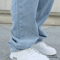 Mens Baggy Wide Leg Jeans Oversized Straight Denim Casual Solid Color Made Inhouse 4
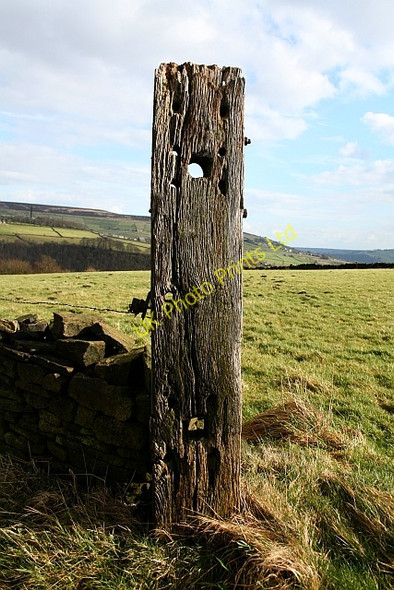 Photo 6"x4" Wooden Gatepost on Lea Bank Hebden Bridge c2008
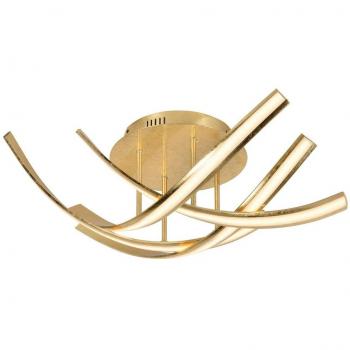 Plafoniera LED dorada Linda dimmable con diseño moderno y función SimplyDim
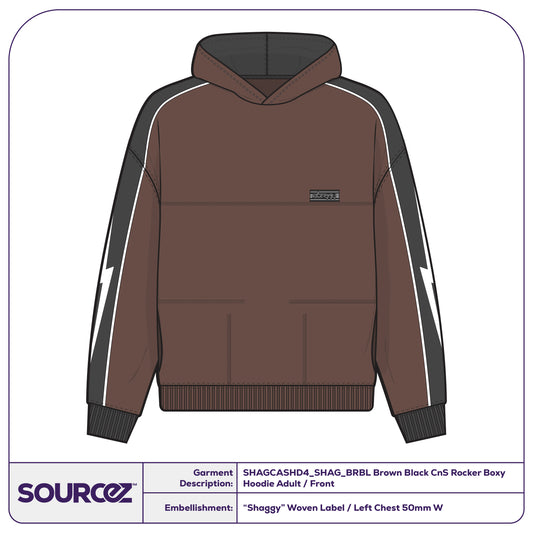 Brown / Black CnS Rocker Boxy Hoodie - Adult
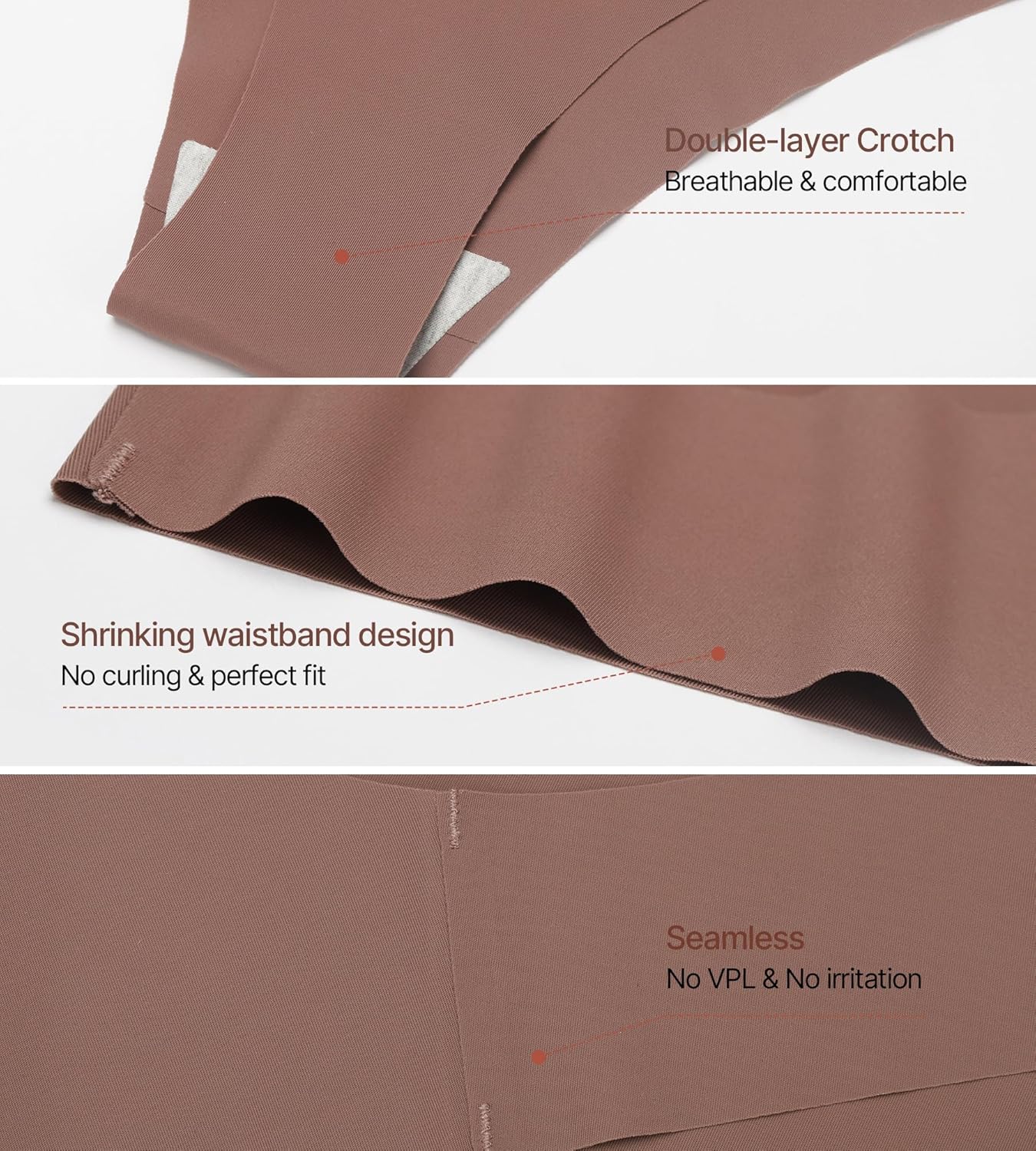 No Show Underwear Women Soft Seamless Bikini Panties Invisibles Breathable V Cut Cheeky 6 Pack - Image 5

- _ABOUT THIS TASK_: Repeat each line of the records exactly, dropping the pictures.

- _YOUR RESPONSE_:
 Mens Baggy Wide Leg Jeans Oversized Straight Denim Casual Solid Color Made Inhouse 4
 Photo 6"x4" Wooden Gatepost on Lea Bank Hebden Bridge c2008
 Plafoniera LED dorada Linda dimmable con diseño moderno y función SimplyDim
 Brown / Black CnS Rocker Boxy Hoodie - Adult
 No Show Underwear Women Soft Seamless Bikini Panties Invisibles Breathable V Cut Cheeky 6 Pack - Image 5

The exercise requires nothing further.